Read the report here: Scoping Report For An Environmental Assessment Of The NZ Emissions Trading Scheme And Closely Related Measures.

The Government is being advised to strengthen measures to enhance energy efficiency and provide clear national guidelines to protect natural resources from potential degradation as it moves to address the country’s greenhouse gas emissions. The advice comes in a scoping report by Nelson based Cawthron Institute into potential environmental effects of the Government’s proposed Emissions Trading Scheme (and associated carbon reducing measures) over the period 2008 to 2020.

The report identifies a number of positive effects from an Emissions Trading Scheme these include: reduced soil erosion and sediment yield to rivers and coastal margins, gains in biodiversity in some areas, and better water quality from new forest plantings and reduced deforestation; improvements in air quality and human health due to reduced use of fossil fuels and increased walking and cycling; as well as a reduction in greenhouse gas emissions over the longer term. Some benefits will be delayed, predominantly because it will be 2013 before Agriculture is included in the Emissions Trading system.

In response the Green Party welcomed the release of the assessment.

Green co Leader Jeanette Fitzimons said that “Pricing of the emissions trading scheme is not enough and some complementary measures are required. At present agricultural emissions are subsidised until 2013 by the taxpayer, so that emissions from any kind of intensification are paid by the taxpayer. It’s vital that changes start now to avoid land use patterns that are unsustainable and costly to reverse. Afforestation must go on low quality marginal lands - not where regeneration is already happening. Land that qualifies to be forested under the Kyoto agreement , land that was bare in 1990, may not be bare now, but regenerating with native kanuka and manuka that provides a lot of biodiversity. Replanting with exotics would be a misguided measure on this land. We do need to plant more forests, but on marginal and eroded land that is not suitable for farming.”


Sustainability lobby says emissions scheme unfair and will make little difference to the nation's greenhouse gas emissions.

Read the report: The Carbon Challenge:

The Sustainability Council this week called for the Government to re-jig its emissions trading scheme (ETS), building on the central mechanism of a charge automatically indexed to the world price for carbon, said executive director Simon Terry. It wants the Government to ditch its proposed new carbon "currency", the NZU and instead use the existing international carbon currencies established under the Kyoto protocol. And it called for the blanket subsidies now being offered to farmers and other big industries to be dropped and the carbon charges fairly spread over all sectors of the economy.

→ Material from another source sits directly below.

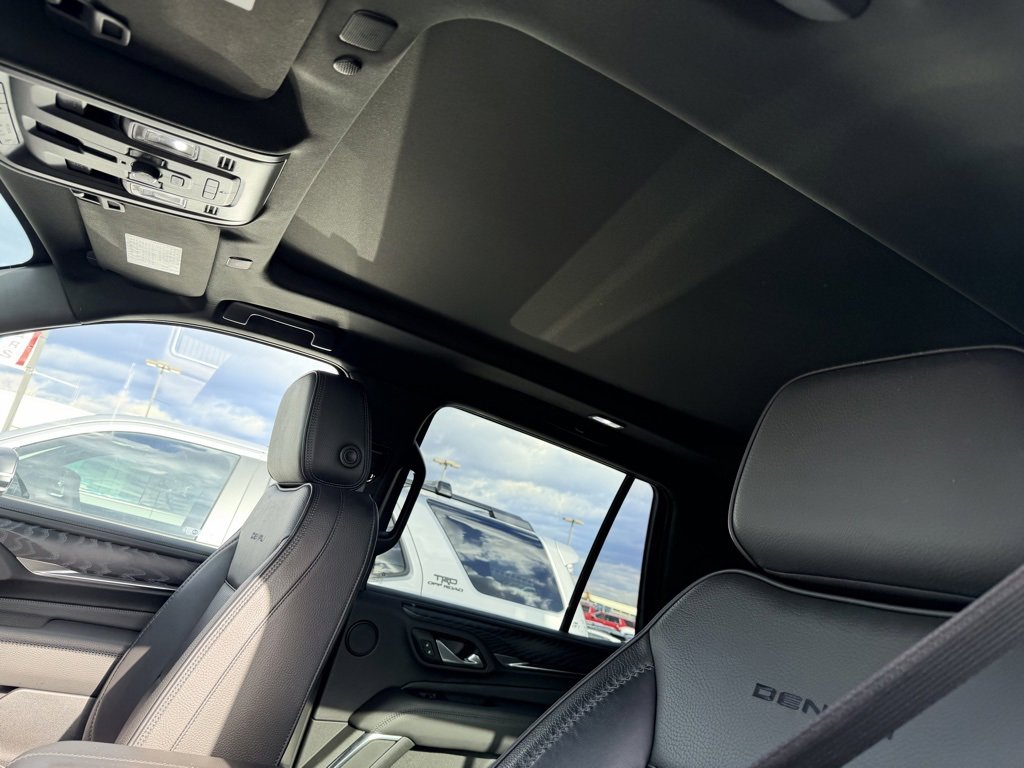 Used 2023 GMC Yukon Denali image 31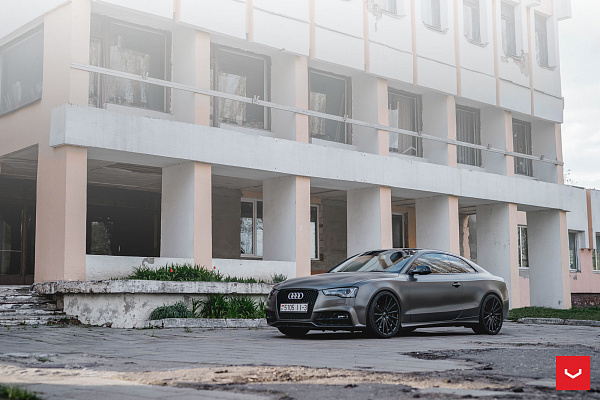 Фото дисков Vossen VFS-2 Черный глянец на Audi A/S/RS 5 (8T)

Saying if the Government goes ahead with ETS in its proposed form, householders, road users and small and medium enterprises will pay 90 per cent of the money required by the scheme up to 2013 – even though they will generate only a third of the nations' greenhouse gases in that time.
The authors of the report said farmers and big industries are being heavily exempted and rebated and will escape about $4 billion of the $4.4 billion worth of net payments through the ETS up to 2012.

In response: Government defends climate change scheme.

Climate Change Minister David Parker has defended the Government's planned emissions trading scheme from criticism it will hurt householders more than farmers and big business from The Sustainability. Mr Parker said bringing agriculture into the scheme by 2013 would be a world first and to do it quicker could harm the economy. Phasing in different parts of the economy was important to reduce harm, he said. Mr Parker told Radio New Zealand that [ditching the NZU] was worth looking at and he disagreed with suggestions that the scheme would do little to reduce overall emissions.

In response: Don’t delay the ETS - get it right say Greens.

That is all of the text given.